Your task ▸
When you transcribe the lines below, keep every word the same and leave the pictures behind.

──────── Data shown

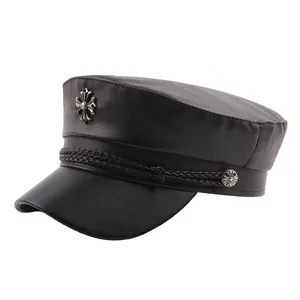 Black PU leather flat top cap with silver cross emblem and braided rope detail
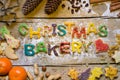 Christmas decoration and biscuit letters on wood, christmas bake Royalty Free Stock Photo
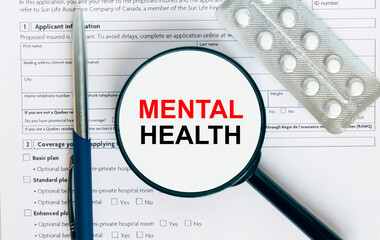 Magnifying glass with text Mental Health inside lies on medical documents with pills and a blue metal pen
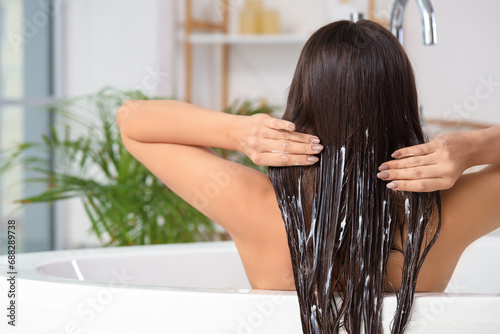 Young brunette woman applying hair product in bathroom, back view photo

────────────────

Task output ▸
 Black PU leather flat top cap with silver cross emblem and braided rope detail
 Christmas decoration and biscuit letters on wood, christmas bake Royalty Free Stock Photo
 Magnifying glass with text Mental Health inside lies on medical documents with pills and a blue metal pen
 Young brunette woman applying hair product in bathroom, back view photo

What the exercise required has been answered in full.